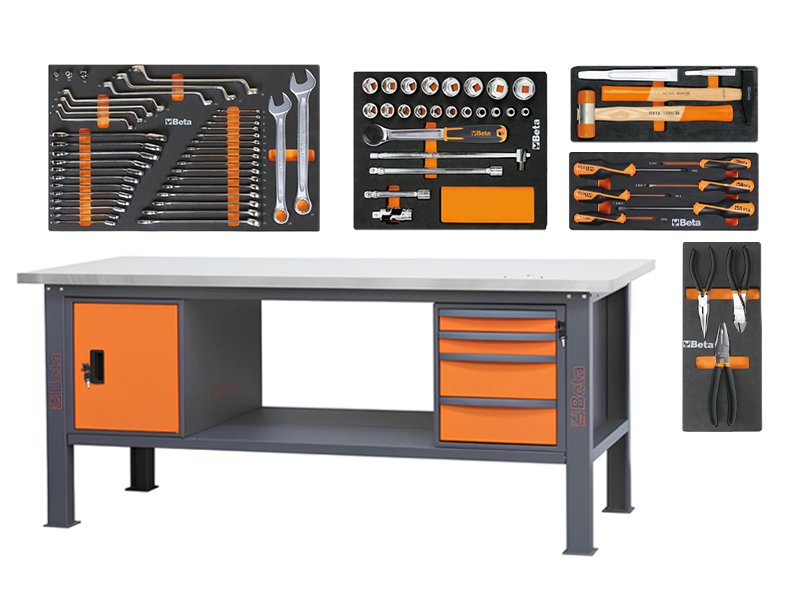 Banco da lavoro Beta C58BC-X 4CA con 4 cassetti, 1 modulo anta, 5 termoformati e 42 utensili inclusi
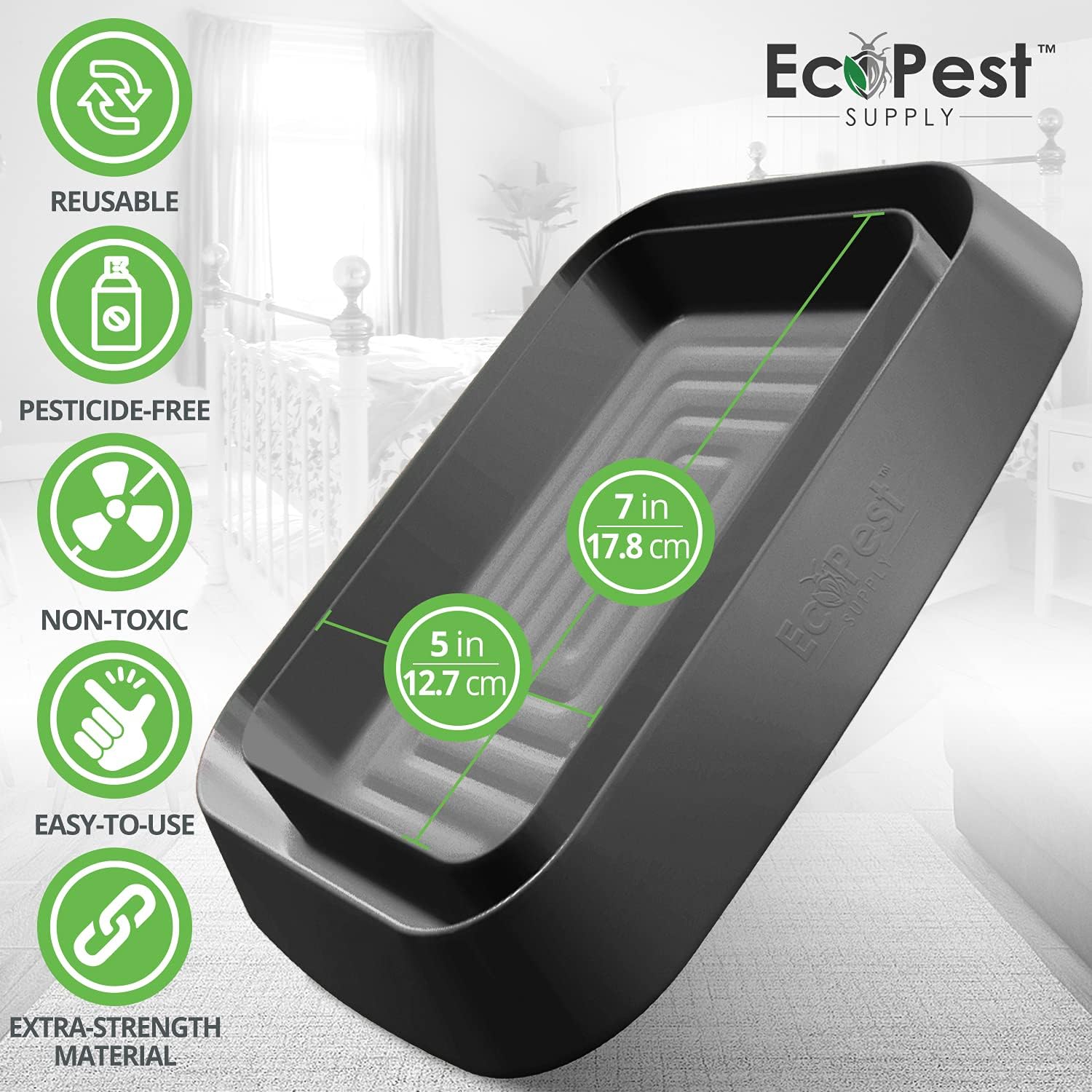 Bed Bug Interceptors ¨C 4 Pack | Bed Bug Blocker (XL) Interceptor Traps (Black) | Extra Large Insect Trap, Monitor, and Detector for Bed Legs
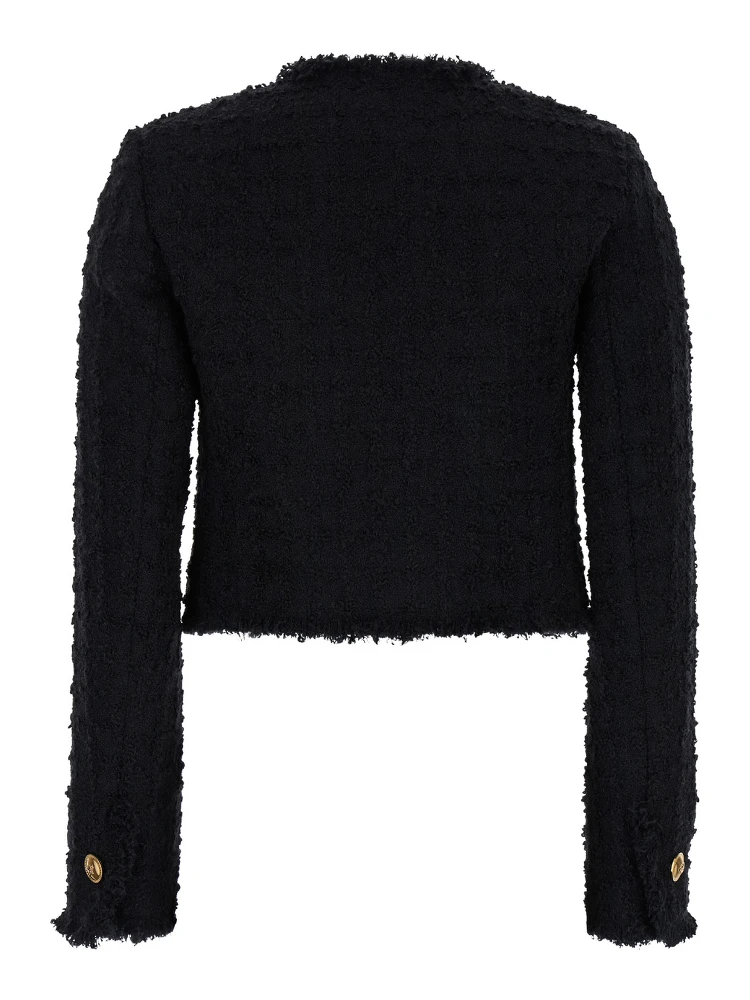 Black Crop Jacket with Jewel Buttons in Tweed Woman alternative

_WORK REQUIRED_
Every line from the line containing "Bed Bug Interceptors" through the last line above is to be printed exactly. Pictures are not copied.

_TASK ANSWER_
 Bed Bug Interceptors ¨C 4 Pack | Bed Bug Blocker (XL) Interceptor Traps (Black) | Extra Large Insect Trap, Monitor, and Detector for Bed Legs
 Black Crop Jacket with Jewel Buttons in Tweed Woman alternative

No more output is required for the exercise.